Texas Instruments missed the Street by a narrow -0.3% on revenue and -1.6% on EPS, but the actionable point is that the market was braced for a cyclical analog recovery and got a capacity-cost debate instead. The variant view is that investors are underpricing the cash-flow inflection from lower 2026 capital spending while over-penalizing the 55.9% gross margin trough that came with a -6.7% sequential revenue decline.

The print says less about end-market demand disappointment than about where the investment debate has migrated: from whether revenue is recovering to whether Texas Instruments can turn that recovery into cash returns while carrying new fab depreciation. What was priced in was a roughly in-line quarter, with the Street at $4,437.0 million and $1.29, and management’s own language matched that broad expectation when Haviv Ilan said, “Revenue came in about as expected at $4.4 billion, a decrease of 7% sequentially and an increase of 10% from the same quarter a year ago.” What actually surprised was the small negative spread to consensus, with actual revenue of $4,423.0 million versus estimate $4,437.0 million for a -0.3% surprise, and EPS of $1.27 versus estimate $1.29 for a -1.6% surprise. The market’s likely mistake is to treat the miss and 55.9% gross margin as proof that the analog cycle is losing steam. The numbers point to a different conclusion: the company is already growing year on year at +10.4% in Q4 FY2025, the March quarter in the history shows $4,825.0 million, +9.1% sequentially and +18.6% year on year, and the gross margin line has already moved to 58.0%. That combination makes the Q4 disappointment a cost-absorption and seasonality event, not a demand rollover.

That distinction matters because the quarterly trajectory does not support a bearish demand read. Revenue rose from $4,069.0 million in Q1 FY2025 to $4,448.0 million in Q2 FY2025 and $4,742.0 million in Q3 FY2025 before falling to $4,423.0 million in Q4 FY2025, a sequence of +1.5%, +9.3%, +6.6%, and -6.7% sequential movement. The year-on-year line improved from +11.1% in Q1 FY2025 to +16.4% in Q2 FY2025, +14.2% in Q3 FY2025, and +10.4% in Q4 FY2025. A company losing cyclical traction does not normally follow a Q4 revenue base of $4,423.0 million with Q1 FY2026 revenue of $4,825.0 million and +18.6% year-on-year growth. The top-line miss versus Street was real, but at -0.3% it is not the basis for a thesis change. The more important read is that the analog cycle is broad enough to absorb a seasonal Q4 drop while keeping the next quarter above every quarter in the provided history, including $4,742.0 million in Q3 FY2025.

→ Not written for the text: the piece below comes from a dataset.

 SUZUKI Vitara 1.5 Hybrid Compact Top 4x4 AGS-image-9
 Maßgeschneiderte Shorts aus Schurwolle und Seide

The margin debate is where the print looks worse at first glance, and also where the market may be extrapolating the wrong thing. Gross margin fell to 55.9% in Q4 FY2025 from 57.4% in Q3 FY2025 and 57.9% in Q2 FY2025, while EPS fell to $1.27 from $1.48 in Q3 FY2025 and $1.41 in Q2 FY2025. That is the bear case in one sentence: revenue slipped -6.7% sequentially and gross margin compressed to the lowest point in the FY2025 sequence. But the broader table cuts the other way. Gross margin was 56.8% in Q1 FY2025, 57.9% in Q2 FY2025, 57.4% in Q3 FY2025, 55.9% in Q4 FY2025, and 58.0% in Q1 FY2026. The 55.9% number matters, but the recovery to 58.0% on $4,825.0 million suggests the Q4 margin trough was not the new run rate. The market may be missing that the revenue recovery is already showing up with operating leverage, even as depreciation from capacity additions becomes more visible.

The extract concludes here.